Nina
Nina
Hej kobietki, widziala juz któras?? co myslicie?
Re: Nina
Tylko zwiastun, ale ma po nim pewne obawy, czy mi się spodoba. Też jestem ciekawa wrażeń forumowiczek, bo temat odważny, jak na polskie kino.
Re: Nina
ja jestem ciekawa, gdzie będzie można go zobaczyć bo jak na razie w moim mieście ani Multikino ani Helios nie ma go w repertuarze...
Re: Nina
Dla chętnych z trójmiasta - Poniedziałek o 18.30 Alfa Centrum w Gdańsku
Re: Nina
To i ja informuję, dla chętnych z Kielc i okolic - najbliższe seanse w kinie Fenomen (WDK):
7 listopada: 17.40, 21 listopada: 19.40, 28 listopada: 16.00.
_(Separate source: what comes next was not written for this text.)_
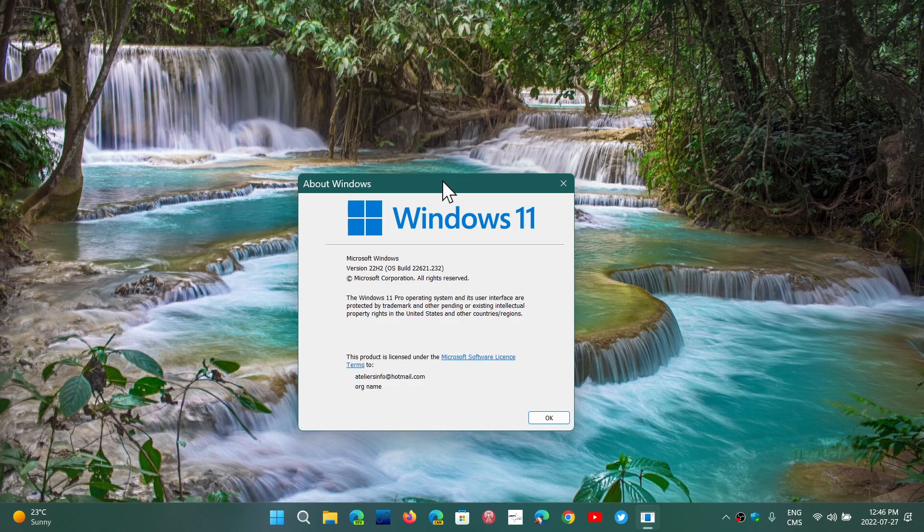Now, 22621, which will be the 22H2 for Windows 11, is going to be released in September. So if you were waiting, when are we getting the next version of Windows 11 for the standard users, not insiders? It seems that September will be the time frame.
7 listopada: 17.40, 21 listopada: 19.40, 28 listopada: 16.00.
-
- początkująca foremka
- Posty: 10
- Rejestracja: 28 sie 2016, o 14:11
- Lokalizacja: Łódź
Re: Nina
Oglądałam i jestem pod wrażeniem. Polecam! Film ważny i znaczący. Myślę, że wrażenia i emocje pozostaną w sercu i w głowie na długo. Chętnie obejrzałabym ponownie.
"Mój czas. Moje ciało. Moje życie." Ewa Lipska
Re: Nina
Mam mieszane uczucia po obejrzeniu tego filmu. Jest kilka dobrych i ciekawych scen - choćby te w instalacji łożyska. Rozbawiła mnie też rozmowa w kawiarni, którą odbyła zdezorientowana Nina z dziewczyną, która przyszła na randkę z Magdą. Sporo w tym filmie stereotypów. Nie twierdzę, że świat pokazany w tym filmie nie istnieje, owszem jest i ma się dobrze. Dobrze, że został pokazany i jest to ważny "głos" w polskiej kinematografii. Czekam teraz aż ktoś pokaże tę drugą, nieco lepszą stronę świata lgbt w Polsce. I nie chodzi mi wcale o relację jaka połączyła bohaterki filmu. Raczej o sposób kreacji środowiska lgbt w Polsce, dość dosadni, szczery. Brawo za odwagę podjęcia tematu, odważne sceny. Warto obejrzeć, wyrobić sobie własne zdanie. Osobiscie nie wrócę jednak do tego filmu.
Re: Nina
A mi sie film nie podobał. Dla mnie totalny przerost formy nad treścią i żałowałam, ze nie mam możliwości przesunięcia do przodu niektórych scen, zaoszczędziłabym sobie czasu.
Druga sprawa - nie oczekiwałam słodko pierdzacych scen, ale gdzie w debacie publicznej homofoby rzucają argumentami, ze związki homo nie mogą byc trwałe bo przecież „ chłopak dziewczyna normalna rodzina” to zachowanie Magdy dla mnie było strzeleniem gola do własnej bramki.
Przeczytałam w jakimś wywiadzie, ze Olga Hajdas mowila ze to film o zakochaniu no wiec do takiego Kyss Mig to mu daaaaaleko chociaż wiem ze oba te filmy różnią sie od siebie to jednak w Kyss Mig kipiało od emocji.
Druga sprawa - nie oczekiwałam słodko pierdzacych scen, ale gdzie w debacie publicznej homofoby rzucają argumentami, ze związki homo nie mogą byc trwałe bo przecież „ chłopak dziewczyna normalna rodzina” to zachowanie Magdy dla mnie było strzeleniem gola do własnej bramki.
Przeczytałam w jakimś wywiadzie, ze Olga Hajdas mowila ze to film o zakochaniu no wiec do takiego Kyss Mig to mu daaaaaleko chociaż wiem ze oba te filmy różnią sie od siebie to jednak w Kyss Mig kipiało od emocji.
Re: Nina
Tak, te dwa filmy różnią się od siebie znacząco. Jeżeli "Nina" miał być filmem o zakochaniu, to niestety w ogóle nie odczuwałam żadnych emocji między aktorkami, brakowało w tym naturalności. Jak dla mnie gra była sztuczna i "drewniana". Kyss Mig jest bardzo sensualnym, ładnym filmem, do którego chce się wracać. "Nina" pozostawia jakiś niesmak.